The gathering also looked with great interest at plans for a fast-rail link between Phuket's neighboring holiday provinces of Krabi and Phang Nga, and a branch track from Phang Nga to Phuket.
Talk of the rail links is likely to rekindle discussion about the future of aviation traffic on Phuket, where the existing airport will reach maximum capacity of 12.5 million passengers in 2015.
The option of expanding Krabi International Airport and speeding passengers by fast-train to Phuket remains on the table.
Phuket Governor Tri Augkaradacha has made no secret of his desire to have a Phuket public transport fully funded and lock into a timetable before he retires aged 60 in September.
Leaving Phuket with a legacy of a potential permanent solution to its public transport woes wound be a fitting highlight on which to depart.
While the tendering process still has some way to go, it's understood one Chinese investor has been showing great interest in packaging several project in Thailand in a group development.
The possibility exists for the contract to build the fast-rail between Bangkok and Ayudthaya - Thailand's candidate for World Expo 2020 - to be extended to the proposed Phuket network and the province-to-province links north of Phuket.

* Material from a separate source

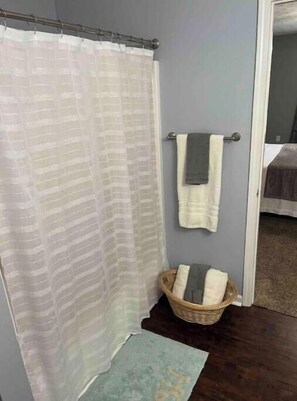 2 bedrooms - Country Living Close to Town (Russellville)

A fast-rail link between Bangkok and Phuket, which would also pose a partial solution to Phuket's air traffic problem, seems to now be out of the question.
Prime Minister Yingluck's historic visit for a Cabinet meeting on Phuket earlier this year appears to have confirmed the government's interest in bolstering Phuket - and with it Andaman tourism.
Time and again, whenever there has been political upheaval or a disaster like last year's floods, Phuket has remained the safe and secure alternative to maintain Thai tourism traffic.
Largely ignored even by governments led by the yellow-tinged Democrat Party, it now appears as if the Phuket region is to be given what it needs by the present red-shaded government.
Politics, of course, have nothing to do with the common need to make sure Thailand's tourism future is secured by addressing Phuket's major deficiencies.
The tendering process is likely to involve as many as 15 potential light-rail developers.
What has yet to be made clear is how the key imperative for Phuket - taking tourists directly to Phuket's holiday west coast as fast as possible - works with any fixed route going the long way through Phuket City, on the east coast, the other side of Phuket.
Buses or taxis down the west coast road are always going to be faster.
The other key issue is how Phuket's population, forced for generations to adopt motorcycles as the only convenient means of transport, can now be weaned off two wheels and onto a safer, less conjestive public transport system.
Still, yesterday's summit in Bangkok marked a large stride in the right direction in the saga of Phuket's public transport. It is not known whether tuk-tuks and jet-skis were mentioned.
Solving the present crisis of floods in Chumporn blocking the main road route between Ranong and Bangkok is also certain to have been discussed yesterday.
Improving the roads north from Phuket through Phang Nga to Ranong on the border with Burma would open the entire Andaman coast to rapid tourism development.